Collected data
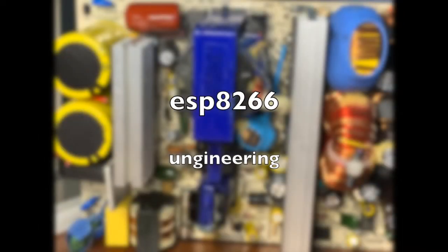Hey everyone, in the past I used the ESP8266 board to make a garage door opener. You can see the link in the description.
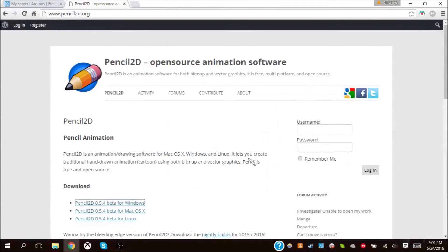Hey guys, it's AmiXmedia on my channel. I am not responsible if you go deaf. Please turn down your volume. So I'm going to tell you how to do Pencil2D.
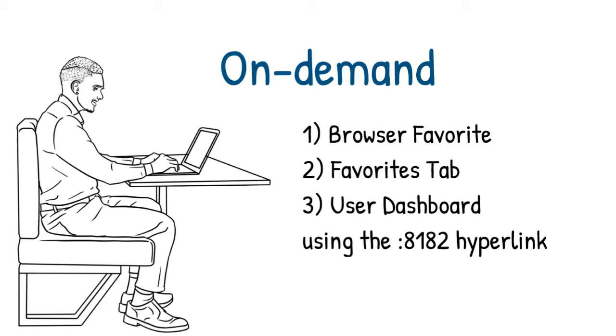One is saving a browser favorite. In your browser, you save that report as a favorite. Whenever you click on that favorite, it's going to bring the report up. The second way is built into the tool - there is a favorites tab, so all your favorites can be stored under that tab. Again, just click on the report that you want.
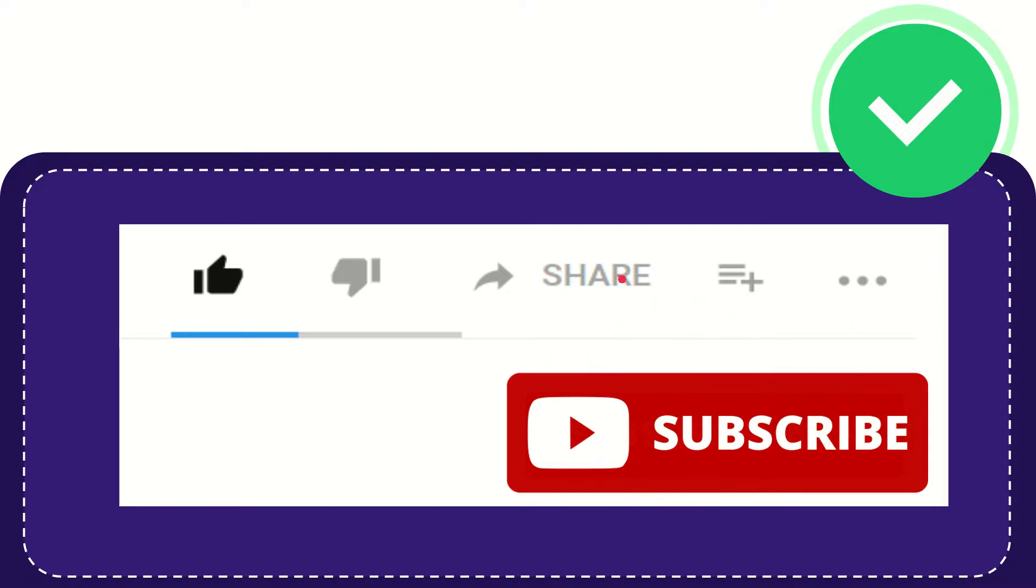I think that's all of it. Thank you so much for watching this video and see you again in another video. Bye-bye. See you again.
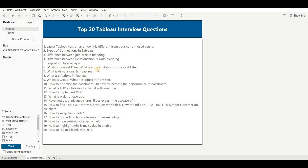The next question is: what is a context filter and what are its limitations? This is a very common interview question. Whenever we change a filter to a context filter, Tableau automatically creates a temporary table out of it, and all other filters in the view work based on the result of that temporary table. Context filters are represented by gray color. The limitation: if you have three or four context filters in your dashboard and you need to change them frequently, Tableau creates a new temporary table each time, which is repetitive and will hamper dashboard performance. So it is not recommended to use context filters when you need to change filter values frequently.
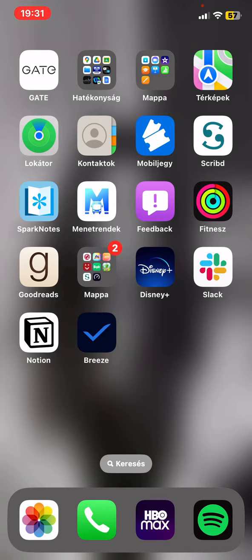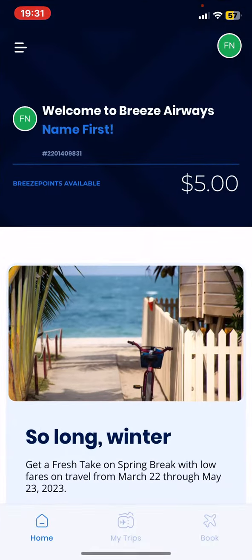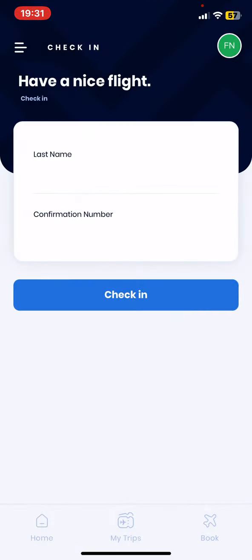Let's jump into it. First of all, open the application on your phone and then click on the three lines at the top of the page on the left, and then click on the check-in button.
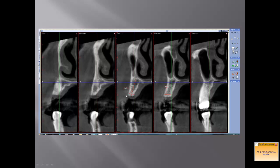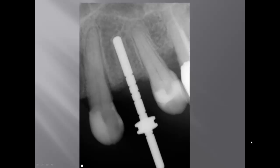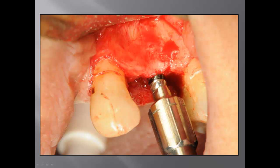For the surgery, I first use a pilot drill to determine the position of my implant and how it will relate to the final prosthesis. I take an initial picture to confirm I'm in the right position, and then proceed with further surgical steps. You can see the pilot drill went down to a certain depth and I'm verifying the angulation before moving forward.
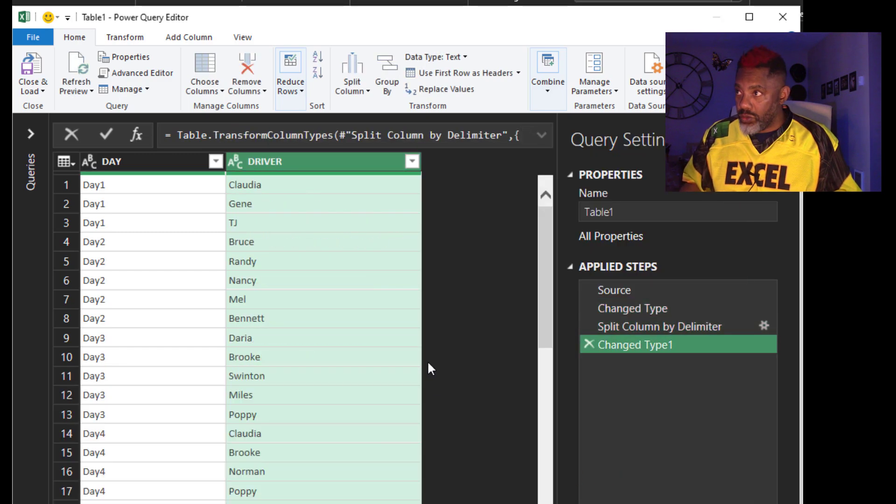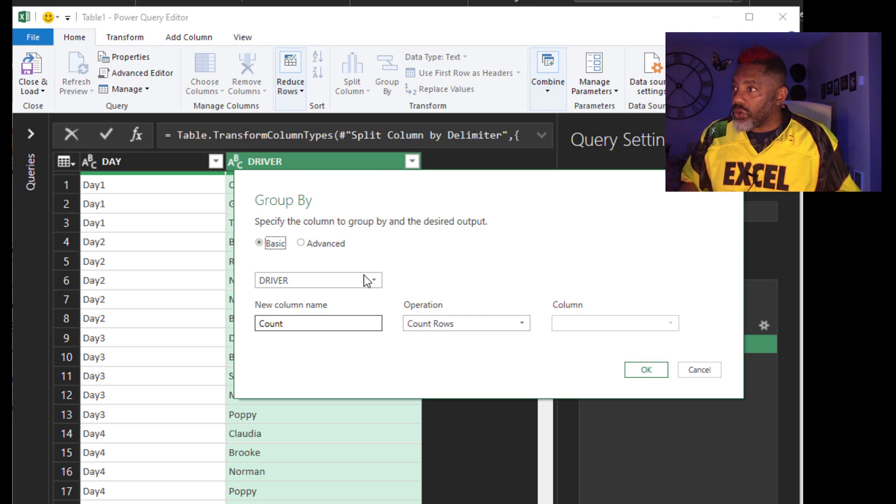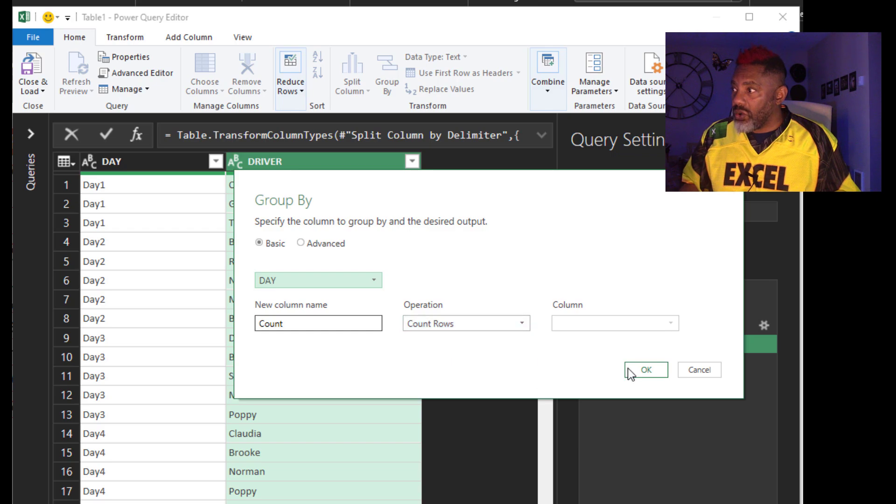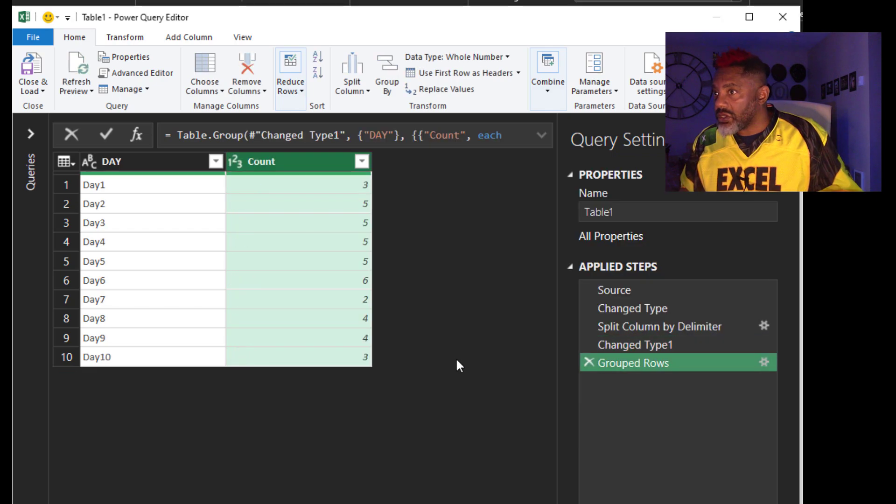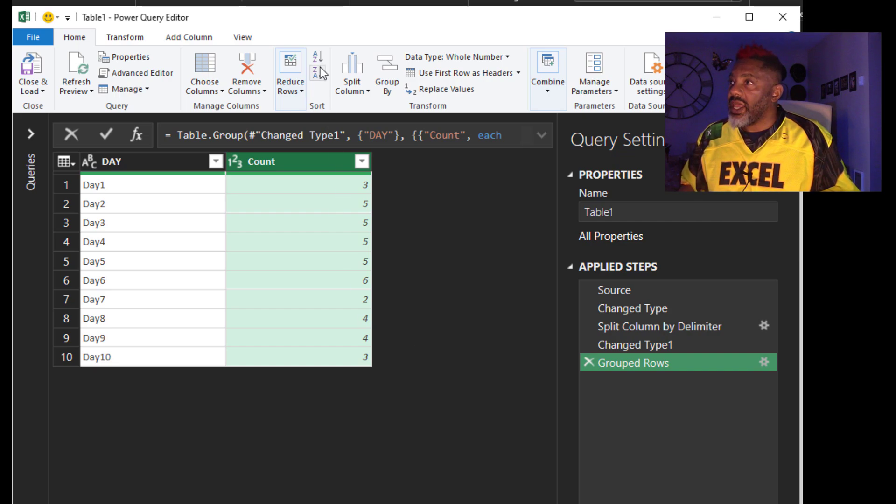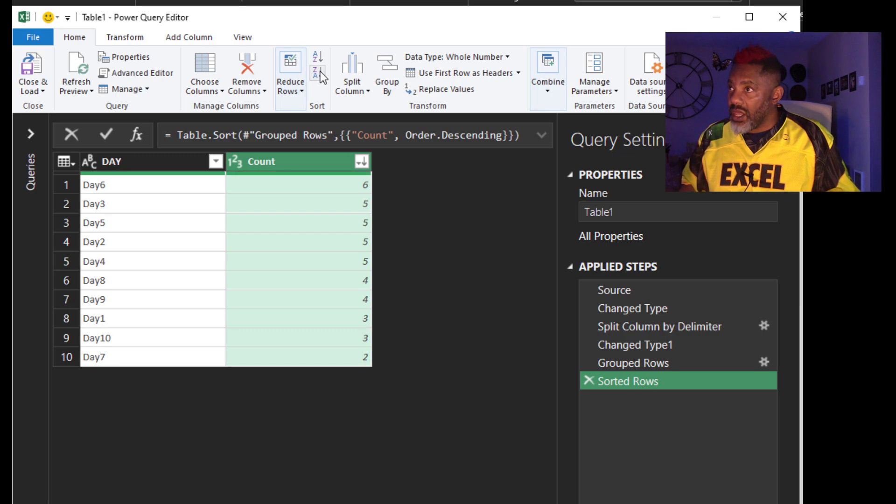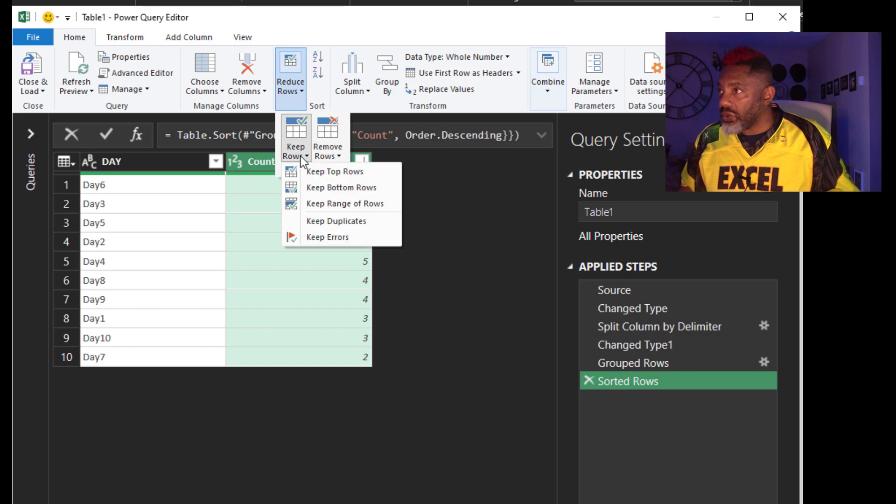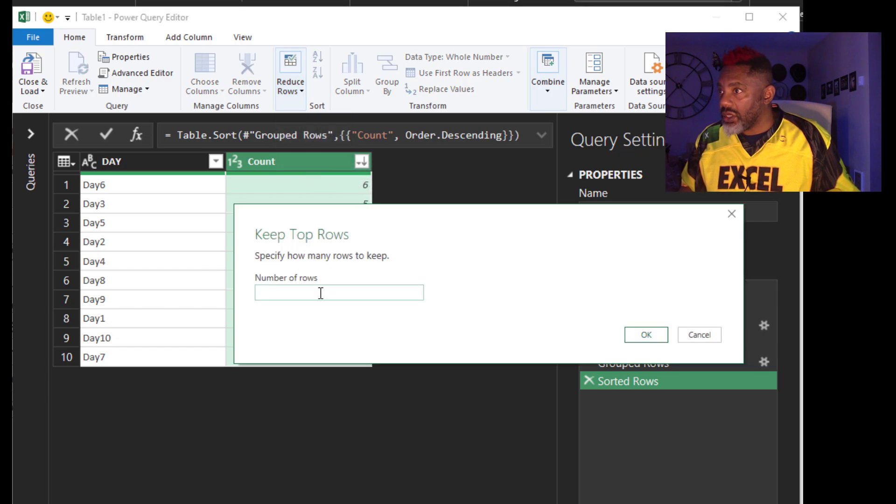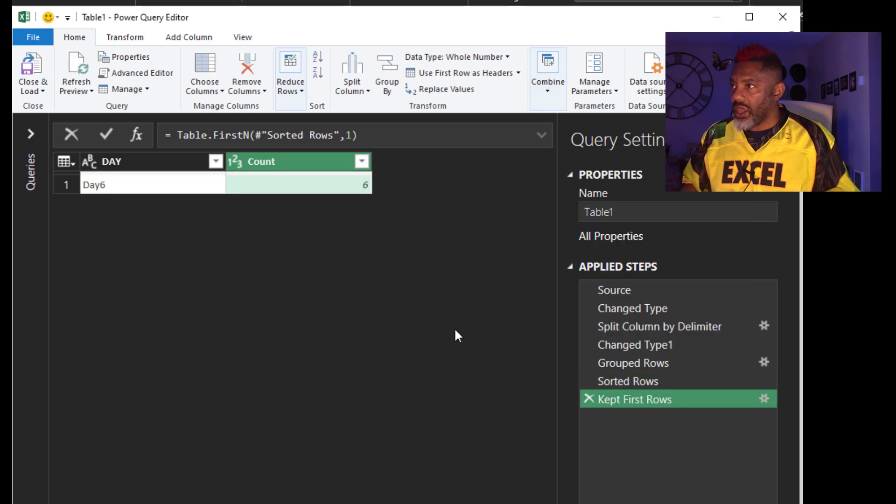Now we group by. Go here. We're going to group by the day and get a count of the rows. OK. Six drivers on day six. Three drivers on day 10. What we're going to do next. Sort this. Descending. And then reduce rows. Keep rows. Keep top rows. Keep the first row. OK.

WHAT YOU ARE ASKED TO DO
Your task is to transcribe exactly the lines from the one containing "Let's jump into" through the final line of the entries above, pictures excluded.

ANSWER
Let's jump into it. First of all, open the application on your phone and then click on the three lines at the top of the page on the left, and then click on the check-in button.
For the surgery, I first use a pilot drill to determine the position of my implant and how it will relate to the final prosthesis. I take an initial picture to confirm I'm in the right position, and then proceed with further surgical steps. You can see the pilot drill went down to a certain depth and I'm verifying the angulation before moving forward.
Now we group by. Go here. We're going to group by the day and get a count of the rows. OK. Six drivers on day six. Three drivers on day 10. What we're going to do next. Sort this. Descending. And then reduce rows. Keep rows. Keep top rows. Keep the first row. OK.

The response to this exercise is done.